Singing & playing
A note may be played and sung simultaneously to alter the timbre of the sound. Multiple sonorities may also be produced by singing different notes from those played, although it is advisable to keep vocal lines as simple as possible and within relatively close proximity of the played pitches. The played and sung parts can be rhythmically independent of each other, but it should be remembered that any articulation used will apply to both parts simultaneously.
Composers should note that the range of sung pitches varies between players, and it is worth including alternatives for male/female voices and and/or those with a limited vocal range. Sung notes should be notated at sounding pitch, and where possible, pitch references should be included within the surrounding material to assist the player with accurate vocal intonation.
To write effectively for singing and playing, the composer must understand to an extent the amount of internal resonance required to play the bass flute. Players use the throat and internal cavities as resonators for the sound of the instrument. Singing unisons and pitches close to the sounded pitches (such as small intervals and octaves) does not cause much of a problem to the player, but wide leaps can cause difficulties as conflicting mouth shapes may be required for the vocal and playing pitches. Such considerations can sometimes be unique with an individual player, so again, providing ossia passages may be advisable.
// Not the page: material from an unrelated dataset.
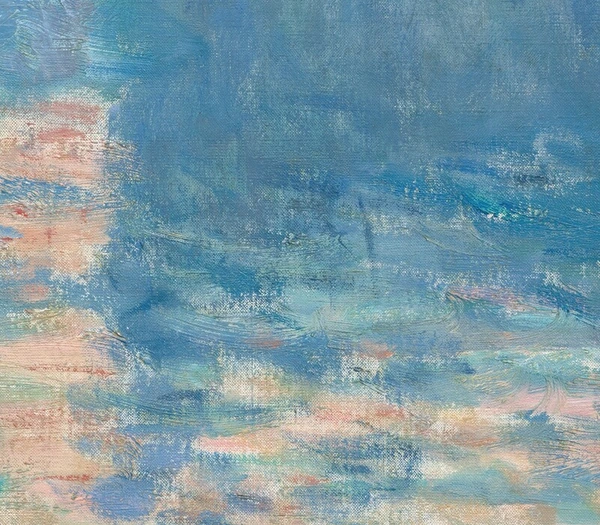 Het kleine bootje in Het Parlementsgebouw bij zonsondergang van Claude Monet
Singing and playing can be extremely tiring for the performer, so extended passages should be avoided. It is also worth noting that many flute players are not trained singers and although basic vocal technique can be expected, it may be worth erring on the side of caution unless writing for a specific player’s abilities.
Singing and playing the same note
Singing and playing different notes
Notation of singing & playing
The clearest way to indicate singing and playing is to write the played note as normal, with the note to be sung written using a square note head.
It may also be advisable to give the instruction sing under the passage concerned, and to define your notation in a glossary.
Interference can be created through slightly de-tuning the voice on a unison pitch. Small glissandi in this way can be an effective alteration of tone colour.
Singing and playing while changing intonation in the voice
Wide vocal glissandi from high pitched notes can create an extraordinary double-glissando effect. However, it should be noted that this can be very tiring to perform as the player may have to leave their comfortable vocal range in order to achieve this effect.